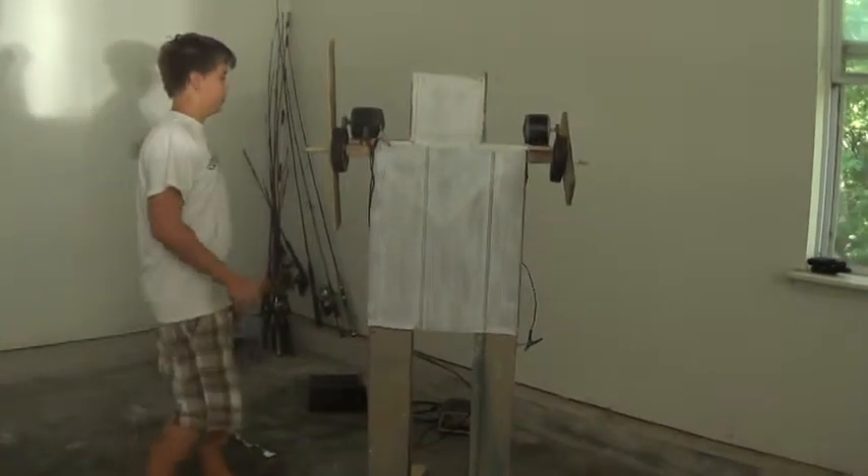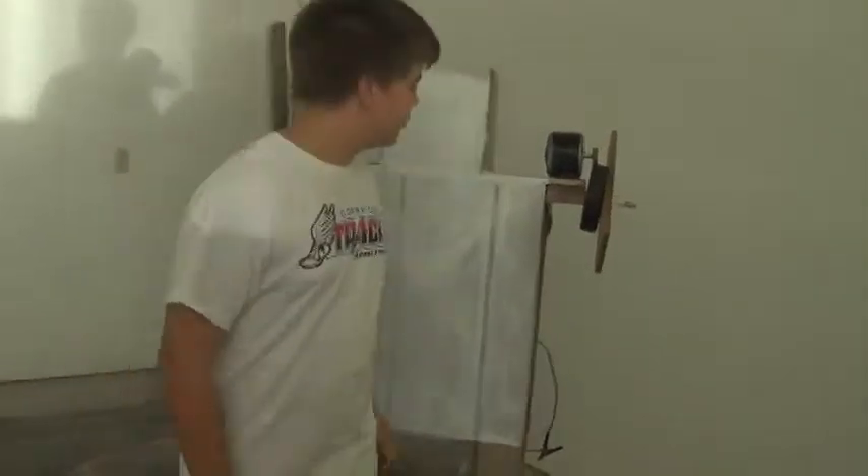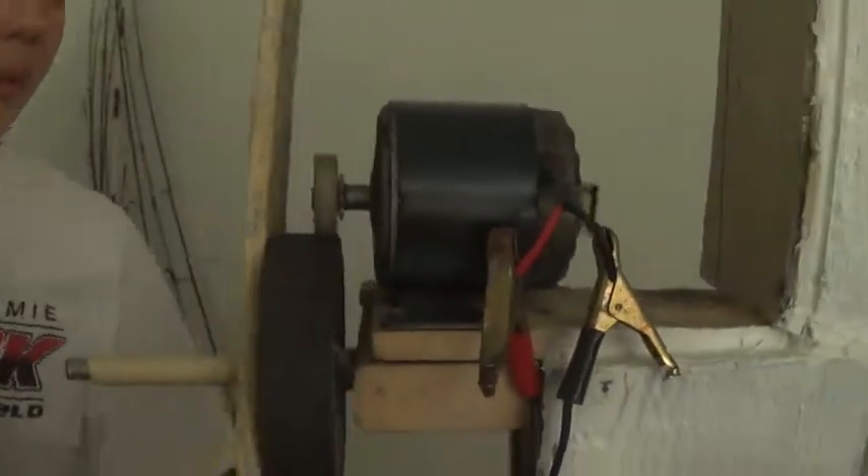Alright, so this is the update on our robot that we have been making. We got a little bit of paint on him, just to see if he liked the color. And finished the other arm. That went pretty smooth.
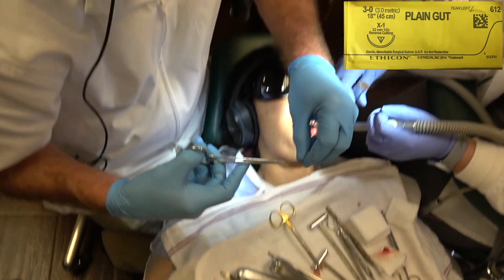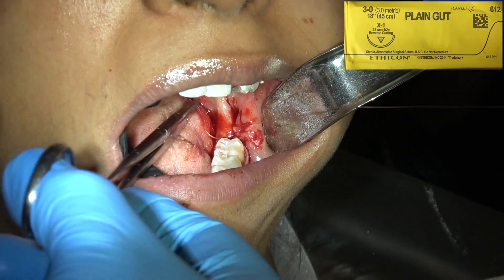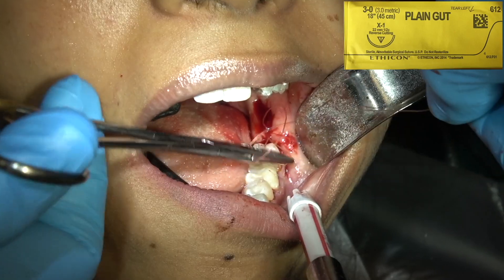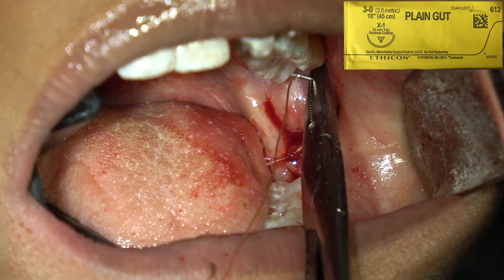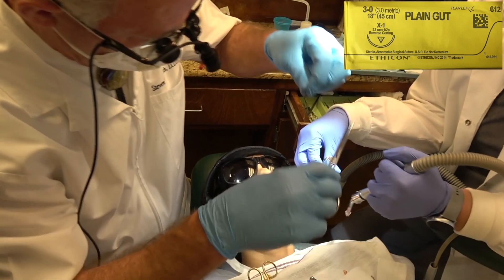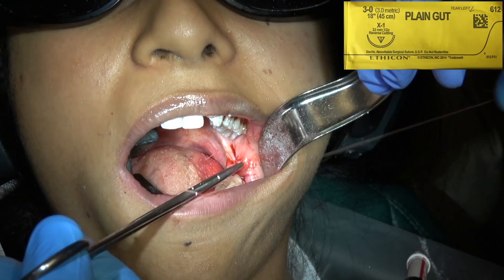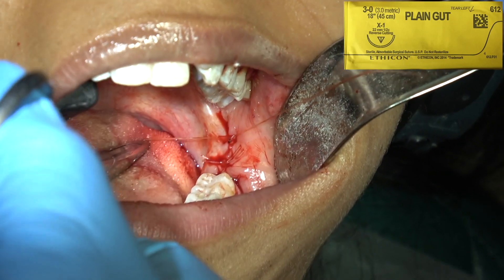Count your wraps carefully: 1, 2, 3 — pull. That will stay nice and tight when you do your second throw. Take a deep bite with your needle, wrap 1, 2, 3 — pull, then 1 toward you — pull, then one more away from you — pull. That's a good tight knot. Leave about a couple of millimeters of suture sticking up after you cut. Normally I place 2 sutures, but in this case I'm placing 3 because I went pretty far up the ramus. I rarely place more than one suture when removing a maxillary wisdom tooth.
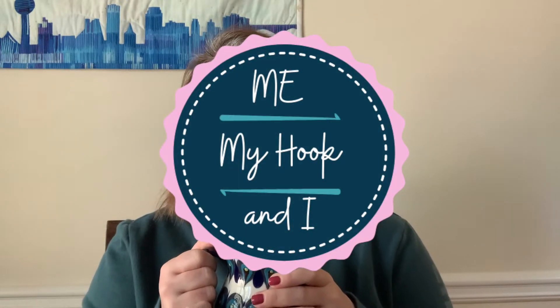Hey friends, good morning! Welcome back to Me, My Hook, and I. I am Betsy, your host, enjoying my morning coffee here to open a Darn Good Yarn mystery box. I couldn't wait, so I'm in our dining slash living room near good lighting — as you can tell by my voice, I'm just waking up, but I couldn't wait!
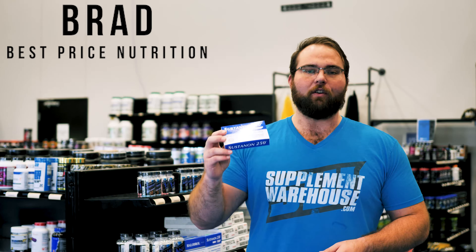How's it going guys? This is Brad from Best Price Nutrition. Today I am going to go over Sustanon 250 by Hi-Tech Pharmaceuticals.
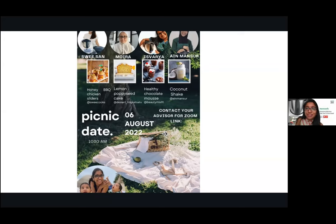Hello, good morning everyone! Today we are having our Zoom demo on a Saturday, and our topic is Picnic Day. Who doesn't love picnics? We have four colleagues today who will be cooking for you: Sui-san with honey barbecue chicken sliders, Moira sharing tips on baking and making a lemon poppy seed cake, Isharia with the healthy chocolate mousse, and I'm with coconut shake.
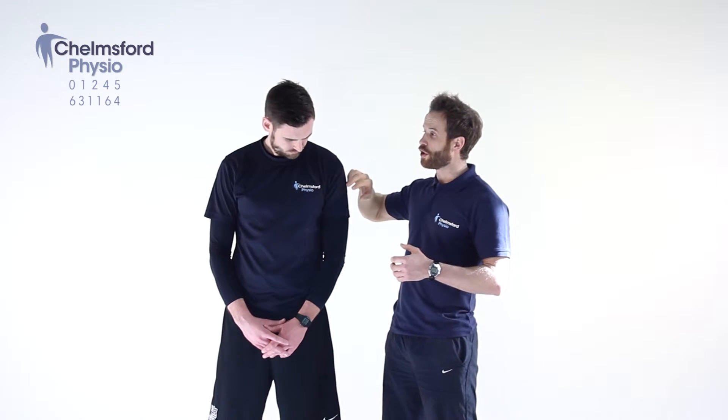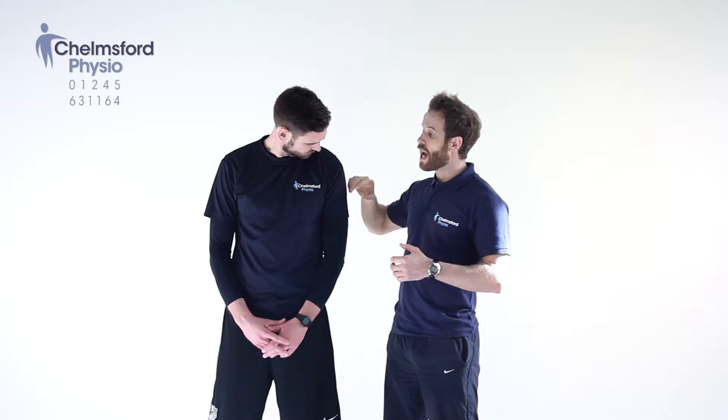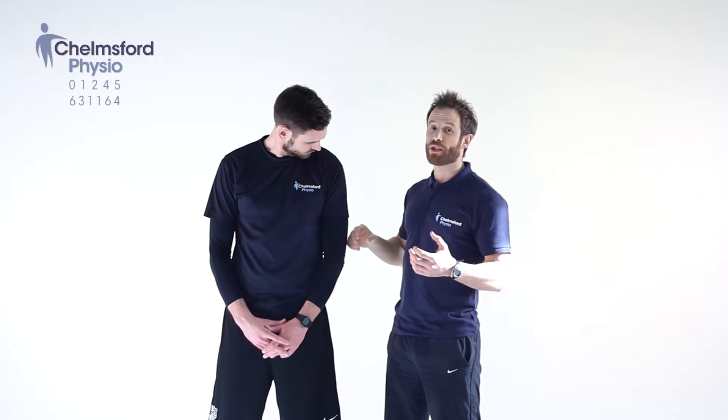In order to stretch these muscles, we want to look straight down and then rotate over to this side — almost getting your nose into your armpit. If we want to apply some over pressure in this position, what we do is rest the forehead on the bicep.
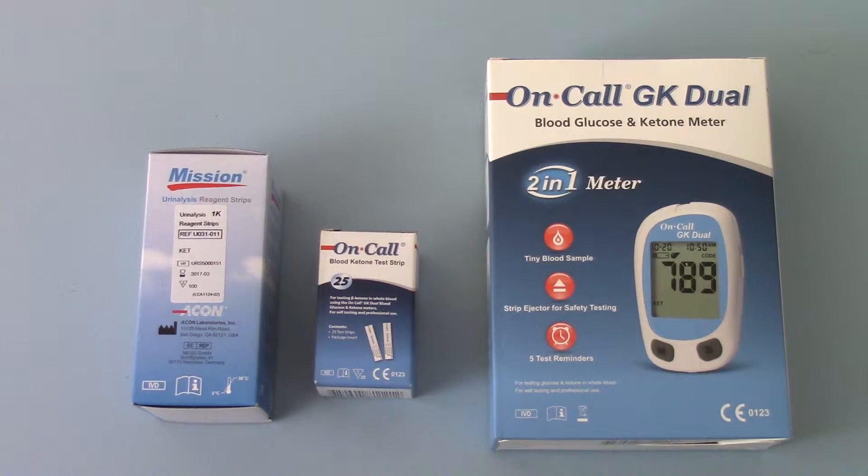They may also dip for ketones to get an indication of whether ketones are present or not. In well-controlled diabetes, occasionally after a heavy or sugary meal, you may have a trace of sugar present in the urine, but there should not be ketones present unless they are running very high glucose levels or have been fasting for a long period of time.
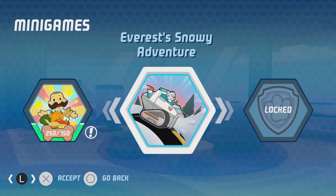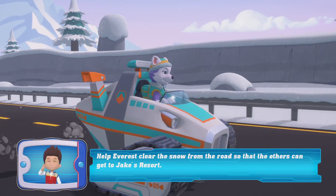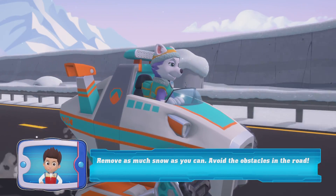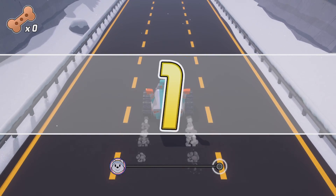Everest Snowy Adventure. Help Everest clear the snow from the road so that the rover can move. Remove as much snow as you can. Avoid obstacles. 3, 2, 1, Go!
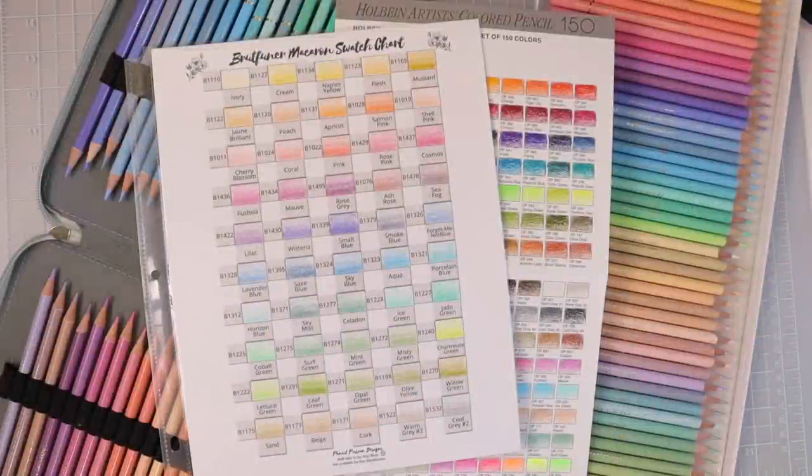Hi everyone, welcome back to another video. Today I am back with a very much requested video. A lot of you wanted me to compare the Pastel Holbeins to the Pastel Brutfuner Macaron colored pencils. The macarons are supposed to be a total dupe for the Holbein pastels, but we are going to really put them to the test today. We're going to compare pencil to pencil, the swatch charts, do a blend test, test them in the pencil sharpener, and all of the tests I always do in my colored pencil comparisons.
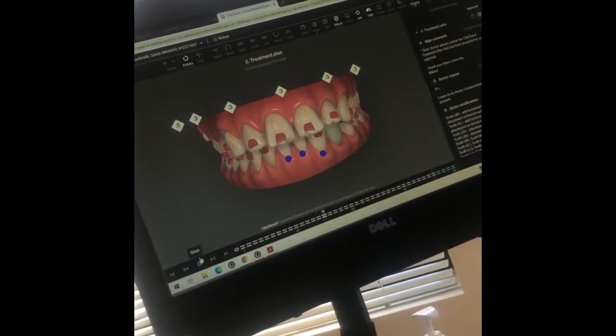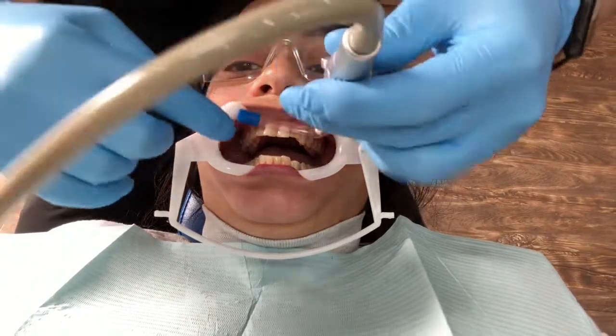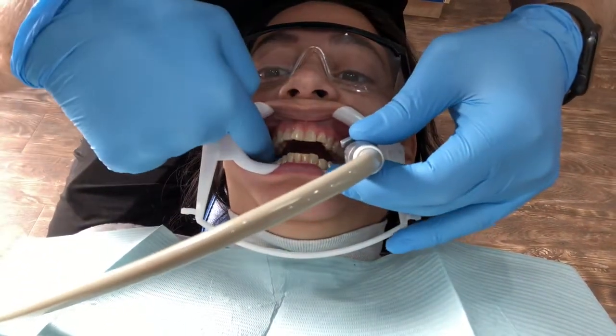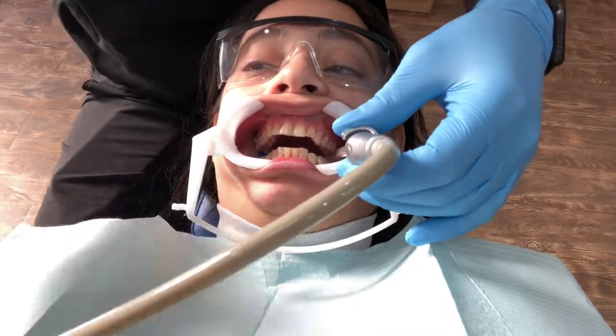This is just the model of what my teeth look like now and then what they're gonna look like when I'm done with the Invisalign. Here's the prep to clean my teeth so that when he puts on the brackets they stick, and that's what's gonna hold in my trays. That's what he's doing.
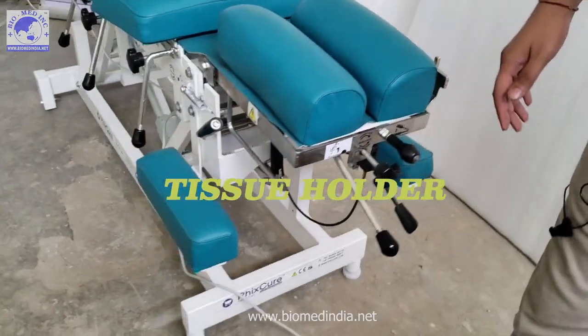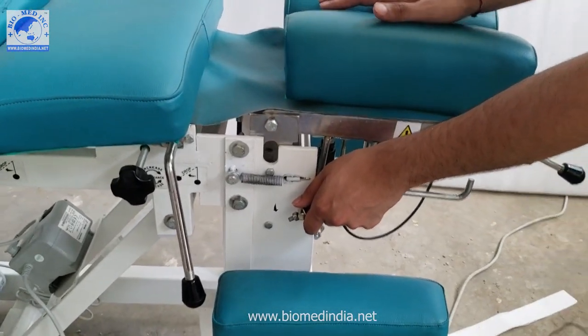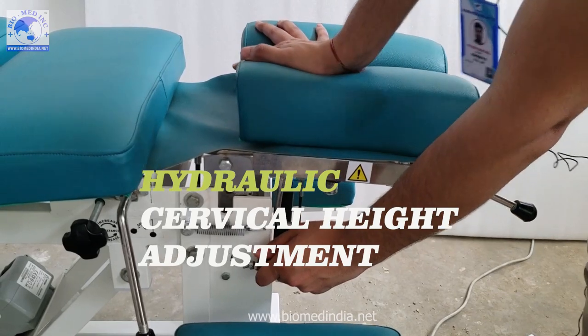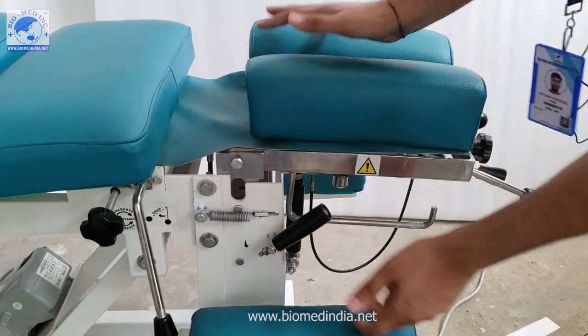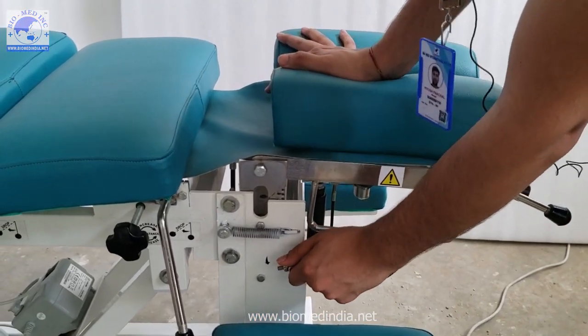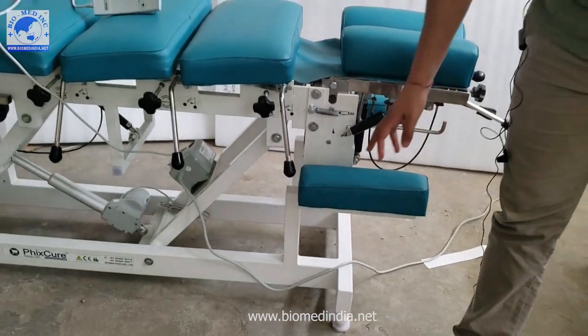Next is the hydraulic cervical height adjustment. This is the lowest height; if you want a neutral height you can set it here, or if you want full height you can raise it fully. So it's a full hydraulic cervical height adjustment system. We also have a patient hand rest system.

────────

**Work instruction:**
Only one stretch of the listing above is to be duplicated: the lines from the one containing "In order to" through the one containing "Hi everyone, welcome", both included. Copy them exactly, minus the pictures.

**Reply to the exercise:**
In order to stretch these muscles, we want to look straight down and then rotate over to this side — almost getting your nose into your armpit. If we want to apply some over pressure in this position, what we do is rest the forehead on the bicep.
They may also dip for ketones to get an indication of whether ketones are present or not. In well-controlled diabetes, occasionally after a heavy or sugary meal, you may have a trace of sugar present in the urine, but there should not be ketones present unless they are running very high glucose levels or have been fasting for a long period of time.
Everest Snowy Adventure. Help Everest clear the snow from the road so that the rover can move. Remove as much snow as you can. Avoid obstacles. 3, 2, 1, Go!
Hi everyone, welcome back to another video. Today I am back with a very much requested video. A lot of you wanted me to compare the Pastel Holbeins to the Pastel Brutfuner Macaron colored pencils. The macarons are supposed to be a total dupe for the Holbein pastels, but we are going to really put them to the test today. We're going to compare pencil to pencil, the swatch charts, do a blend test, test them in the pencil sharpener, and all of the tests I always do in my colored pencil comparisons.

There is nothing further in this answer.